In principle, the criterion for the restriction of freedom must be the necessity of such restriction. And the concept of public order meets this test of principle. The formula itself has broad constitutional status, even though it seems to lack full constitutional definition, commonly agreed on. The Declaration, therefore, gives it as clear and precise a definition as may be possible. Public order is the fundamental component of the common good. The common good is the broader concept that embraces the totality of those conditions of social life and the entire complex of those realized social values whereby men, as human persons, may achieve their proper perfection with all possible fullness and ease. Public order, in contrast, embraces only those fundamental social values that are necessary for the sheer coexistence of the citizenry—values without which society would cease to be an order and verge toward conditions of chaos. Three such socially necessary values are commonly distinguished in the constitutional tradition: the value of justice, which consists in the effective safeguard of the equal rights of all citizens; the value of public peace, which is the work of justice, achieved when means are available for the pacific settlement of conflicts among the citizenry; and the value of public morality, in the measure in which morality can be realized by the coercive discipline of law. In three cases, therefore, the exercise of the right of religious freedom may be legitimately restrained by coercive measures, mainly, when there is a violation of the rights of others, or a serious disturbance of the public peace, or a grave offense against public morality. In these three cases the exercise of freedom becomes in fact an abuse of freedom, and restraint becomes a matter of public necessity. The concept of public order, thus defined, satisfies the demands of moral, political and juridical principle.

The conclusion is that the doctrine of the Declaration forms an organic whole. All of it hangs suspended from the supreme principle of the dignity of the human person. Inherent in this dignity is the exigence that a man should act on his own initiative and responsibility, not under coercion, but from inward motivation, by his sense of duty toward the transcendent order of truth and morality. This exigence in turn founds the political principle that the freedom of the person is to be respected as far as possible and restricted only in cases of necessity. The equality of this exigence in all men, who are equal in their dignity as human persons, founds the further juridical principle of the equality of all citizens before the law. And from these two principles in conjunction two sets of conclusions follow with equal immediacy. The first juridical conclusion is that the full immunity of the human person from coercion in religious matters is the object of a genuine human right. The corresponding first political conclusion is the duty of government itself to respect this right and to ensure respect for it in society.

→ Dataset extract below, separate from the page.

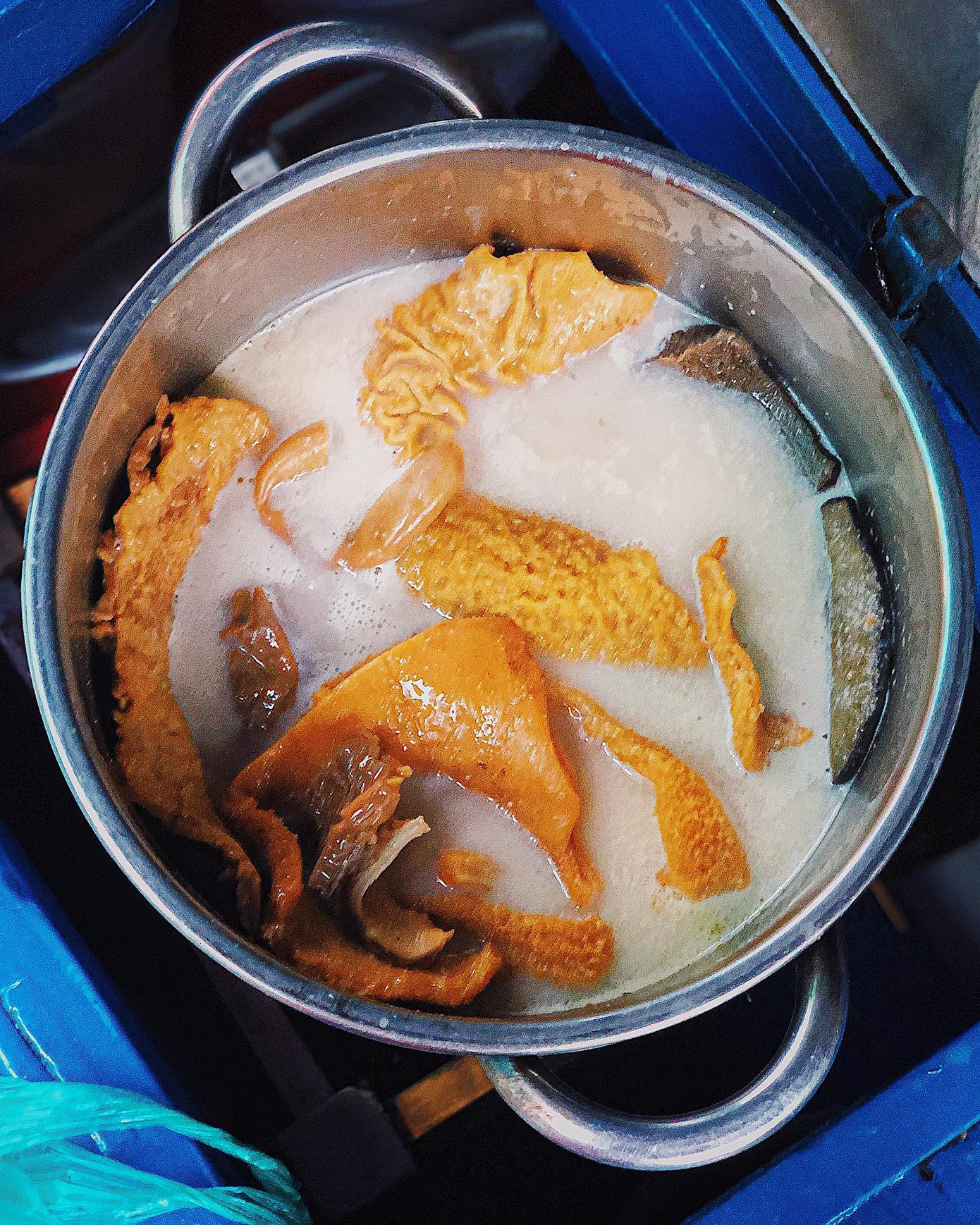 Phá lấu trắng duy nhất tại Sài Gòn và cơm tấm ngon thần sầu cho hội cú đêm ảnh 1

The second juridical conclusion is that the exercise of the right to religious freedom is to be as free as possible. And the second political conclusion is that governmental or legal limitation of the exercise of the right is warranted only by the criterion of necessity.

Much further comment would need to be made on the Declaration. It raises a number of serious issues. And it is fraught with theological significance in ways that go far beyond the narrow context of the single problem with which it deals. This essay, however, was concerned simply with showing the organic wholeness of its central doctrinal content.


(1)Human Rights and the International Community (Chicago: Quadrangle, 1964).